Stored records
━━━━━━━━━━━━━━━━━━━━

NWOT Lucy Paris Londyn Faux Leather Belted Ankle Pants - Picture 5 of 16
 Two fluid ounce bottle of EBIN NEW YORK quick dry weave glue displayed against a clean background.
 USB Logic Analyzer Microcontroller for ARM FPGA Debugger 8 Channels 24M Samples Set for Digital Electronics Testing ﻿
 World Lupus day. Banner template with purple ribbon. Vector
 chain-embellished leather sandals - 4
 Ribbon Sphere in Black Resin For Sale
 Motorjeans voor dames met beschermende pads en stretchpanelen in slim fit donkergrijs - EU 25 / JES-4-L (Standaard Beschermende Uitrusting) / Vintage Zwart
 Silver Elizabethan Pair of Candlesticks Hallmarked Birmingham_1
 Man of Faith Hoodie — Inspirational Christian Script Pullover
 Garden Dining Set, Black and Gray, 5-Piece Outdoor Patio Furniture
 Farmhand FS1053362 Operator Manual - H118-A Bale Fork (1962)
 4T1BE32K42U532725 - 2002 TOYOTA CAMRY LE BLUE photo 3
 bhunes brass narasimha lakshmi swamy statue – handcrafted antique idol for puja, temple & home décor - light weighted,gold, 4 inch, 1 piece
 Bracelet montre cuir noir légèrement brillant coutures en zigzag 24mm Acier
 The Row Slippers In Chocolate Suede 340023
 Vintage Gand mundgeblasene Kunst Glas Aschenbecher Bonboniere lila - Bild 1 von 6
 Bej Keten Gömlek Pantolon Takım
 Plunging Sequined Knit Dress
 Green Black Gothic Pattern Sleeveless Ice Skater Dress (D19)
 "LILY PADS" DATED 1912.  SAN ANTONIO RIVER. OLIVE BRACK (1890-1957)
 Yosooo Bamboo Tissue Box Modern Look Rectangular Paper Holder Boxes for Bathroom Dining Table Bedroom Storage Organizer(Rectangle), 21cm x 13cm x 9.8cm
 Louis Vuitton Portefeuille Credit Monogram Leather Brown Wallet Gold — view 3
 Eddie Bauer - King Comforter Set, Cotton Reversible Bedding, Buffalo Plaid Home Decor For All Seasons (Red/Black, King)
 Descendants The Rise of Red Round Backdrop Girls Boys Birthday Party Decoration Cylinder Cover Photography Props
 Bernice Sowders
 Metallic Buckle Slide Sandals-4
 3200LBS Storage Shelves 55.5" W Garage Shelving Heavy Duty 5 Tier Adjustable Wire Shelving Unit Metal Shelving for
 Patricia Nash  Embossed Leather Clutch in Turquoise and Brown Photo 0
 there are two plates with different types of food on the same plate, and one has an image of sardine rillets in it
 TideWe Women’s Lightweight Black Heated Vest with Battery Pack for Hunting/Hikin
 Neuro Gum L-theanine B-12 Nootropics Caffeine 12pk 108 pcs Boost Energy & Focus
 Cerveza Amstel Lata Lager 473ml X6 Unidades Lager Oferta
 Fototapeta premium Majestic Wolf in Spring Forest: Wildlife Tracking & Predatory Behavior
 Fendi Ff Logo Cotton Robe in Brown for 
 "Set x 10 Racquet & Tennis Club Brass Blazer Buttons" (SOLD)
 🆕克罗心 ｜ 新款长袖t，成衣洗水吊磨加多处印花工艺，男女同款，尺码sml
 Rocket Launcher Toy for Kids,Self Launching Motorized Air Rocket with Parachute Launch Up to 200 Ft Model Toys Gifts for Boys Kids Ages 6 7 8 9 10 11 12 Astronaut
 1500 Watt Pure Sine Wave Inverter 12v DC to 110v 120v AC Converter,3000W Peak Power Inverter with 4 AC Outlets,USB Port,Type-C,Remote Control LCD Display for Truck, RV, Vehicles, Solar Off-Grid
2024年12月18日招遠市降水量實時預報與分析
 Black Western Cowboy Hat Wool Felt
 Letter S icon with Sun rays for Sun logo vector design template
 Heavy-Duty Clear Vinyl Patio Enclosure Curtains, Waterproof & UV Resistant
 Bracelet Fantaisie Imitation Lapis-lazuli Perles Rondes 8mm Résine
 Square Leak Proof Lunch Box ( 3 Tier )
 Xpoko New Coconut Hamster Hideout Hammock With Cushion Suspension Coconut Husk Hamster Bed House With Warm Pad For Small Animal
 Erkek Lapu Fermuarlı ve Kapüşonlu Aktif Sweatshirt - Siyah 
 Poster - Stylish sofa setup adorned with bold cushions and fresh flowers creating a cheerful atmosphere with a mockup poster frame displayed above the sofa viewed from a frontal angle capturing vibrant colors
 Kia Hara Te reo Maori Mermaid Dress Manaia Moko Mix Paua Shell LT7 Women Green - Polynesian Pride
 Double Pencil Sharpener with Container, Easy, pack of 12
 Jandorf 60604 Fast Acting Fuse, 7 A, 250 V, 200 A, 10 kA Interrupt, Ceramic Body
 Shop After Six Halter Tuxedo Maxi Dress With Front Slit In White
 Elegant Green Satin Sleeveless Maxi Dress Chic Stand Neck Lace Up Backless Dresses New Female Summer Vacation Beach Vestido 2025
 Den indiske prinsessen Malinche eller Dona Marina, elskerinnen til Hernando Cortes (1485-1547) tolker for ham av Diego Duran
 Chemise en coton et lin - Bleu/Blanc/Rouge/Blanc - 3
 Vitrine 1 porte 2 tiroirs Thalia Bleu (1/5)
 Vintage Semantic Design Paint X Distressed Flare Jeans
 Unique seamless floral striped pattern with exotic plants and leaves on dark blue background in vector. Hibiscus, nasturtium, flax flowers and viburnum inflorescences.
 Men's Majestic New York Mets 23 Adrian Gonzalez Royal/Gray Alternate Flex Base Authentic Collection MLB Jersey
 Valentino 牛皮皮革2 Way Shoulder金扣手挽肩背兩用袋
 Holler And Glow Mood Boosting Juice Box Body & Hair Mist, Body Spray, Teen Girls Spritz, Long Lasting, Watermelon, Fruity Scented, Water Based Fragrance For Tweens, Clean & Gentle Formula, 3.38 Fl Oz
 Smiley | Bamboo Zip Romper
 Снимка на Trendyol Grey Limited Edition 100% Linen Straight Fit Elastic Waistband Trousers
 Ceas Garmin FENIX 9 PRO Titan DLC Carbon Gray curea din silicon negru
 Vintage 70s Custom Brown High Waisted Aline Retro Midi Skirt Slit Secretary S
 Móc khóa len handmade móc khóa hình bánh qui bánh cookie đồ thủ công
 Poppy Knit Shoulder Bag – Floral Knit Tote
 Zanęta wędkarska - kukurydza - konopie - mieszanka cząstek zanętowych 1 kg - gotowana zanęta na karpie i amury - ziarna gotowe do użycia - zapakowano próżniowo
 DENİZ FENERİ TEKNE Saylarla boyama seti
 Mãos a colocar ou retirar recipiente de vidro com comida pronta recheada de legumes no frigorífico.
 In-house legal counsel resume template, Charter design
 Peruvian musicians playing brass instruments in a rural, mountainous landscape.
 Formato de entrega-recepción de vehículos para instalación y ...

━━━━━━━━━━━━━━━━━━━━

▶ **WHAT IS REQUIRED**:
Reproduce verbatim the lines above, from the line with "Elegant Green Satin" through the line with "Poppy Knit Shoulder Bag – Floral Knit Tote".

▶ **SOLUTION TO THE EXERCISE**:
 Elegant Green Satin Sleeveless Maxi Dress Chic Stand Neck Lace Up Backless Dresses New Female Summer Vacation Beach Vestido 2025
 Den indiske prinsessen Malinche eller Dona Marina, elskerinnen til Hernando Cortes (1485-1547) tolker for ham av Diego Duran
 Chemise en coton et lin - Bleu/Blanc/Rouge/Blanc - 3
 Vitrine 1 porte 2 tiroirs Thalia Bleu (1/5)
 Vintage Semantic Design Paint X Distressed Flare Jeans
 Unique seamless floral striped pattern with exotic plants and leaves on dark blue background in vector. Hibiscus, nasturtium, flax flowers and viburnum inflorescences.
 Men's Majestic New York Mets 23 Adrian Gonzalez Royal/Gray Alternate Flex Base Authentic Collection MLB Jersey
 Valentino 牛皮皮革2 Way Shoulder金扣手挽肩背兩用袋
 Holler And Glow Mood Boosting Juice Box Body & Hair Mist, Body Spray, Teen Girls Spritz, Long Lasting, Watermelon, Fruity Scented, Water Based Fragrance For Tweens, Clean & Gentle Formula, 3.38 Fl Oz
 Smiley | Bamboo Zip Romper
 Снимка на Trendyol Grey Limited Edition 100% Linen Straight Fit Elastic Waistband Trousers
 Ceas Garmin FENIX 9 PRO Titan DLC Carbon Gray curea din silicon negru
 Vintage 70s Custom Brown High Waisted Aline Retro Midi Skirt Slit Secretary S
 Móc khóa len handmade móc khóa hình bánh qui bánh cookie đồ thủ công
 Poppy Knit Shoulder Bag – Floral Knit Tote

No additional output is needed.